In Memoriam: Piet Lourens 1946-2024

17 December 2024 - 13:57

Ons bereikte het droevige nieuws dat onze oud-collega Piet Lourens op 10 december is overleden. Zijn naaste collega en oud-onderzoeksdirecteur Jan Lucassen schreef een In Memoriam.

In Memoriam

Een jaar na de oorlog werd Piet geboren op een boerderij, nog net gelegen binnen het stadje Aardenburg. Piet koesterde een foto van zijn vader achter de ploeg, een machtige Belgische knol ervoor. Ik heb zijn moeder gekend als een lieve, zorgzame vrouw.

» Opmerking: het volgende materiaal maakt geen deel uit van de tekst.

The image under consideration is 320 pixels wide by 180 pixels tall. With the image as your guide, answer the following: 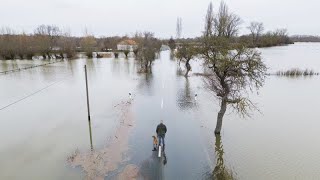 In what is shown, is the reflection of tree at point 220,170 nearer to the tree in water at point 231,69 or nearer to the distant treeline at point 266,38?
the tree in water at point 231,69

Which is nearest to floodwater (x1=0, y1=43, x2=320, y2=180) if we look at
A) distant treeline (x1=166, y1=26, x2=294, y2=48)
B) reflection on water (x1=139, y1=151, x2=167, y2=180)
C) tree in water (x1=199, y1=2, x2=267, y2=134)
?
reflection on water (x1=139, y1=151, x2=167, y2=180)

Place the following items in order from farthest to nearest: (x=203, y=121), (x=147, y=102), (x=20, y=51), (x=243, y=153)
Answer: (x=20, y=51) < (x=147, y=102) < (x=203, y=121) < (x=243, y=153)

Zijn oudste zus, nog van net voor de oorlog, mocht leren voor onderwijzeres en Piet mocht naar het gymnasium. Dat betekende dat hij dagelijks van maandag tot en met zaterdag van Aardenburg naar Oostburg fietste, de enige plaats met een gymnasium in de provincie Zeeland, waar hij met maar liefst drie tienen slaagde. 

In Utrecht behaalde hij het kandidaats geschiedenis, waarna hij voor de specialisatie Middeleeuwse Geschiedenis koos. Aan zijn intelligentie en zijn belezenheid lag het niet, maar hij verstrikte zich in het schrijven van zijn doctoraalscriptie, waarbij zijn bovenmatig perfectionisme hem hopeloos in de weg zat. Begin 1973 was ik na een studie in Leiden kersvers benoemd aan de afdeling sociaaleconomische geschiedenis in Utrecht. Een van mijn collega’s daar had Piet een assistentenbaan aangeboden en zo maakte ik, een jaar jonger, kennis met Piet. 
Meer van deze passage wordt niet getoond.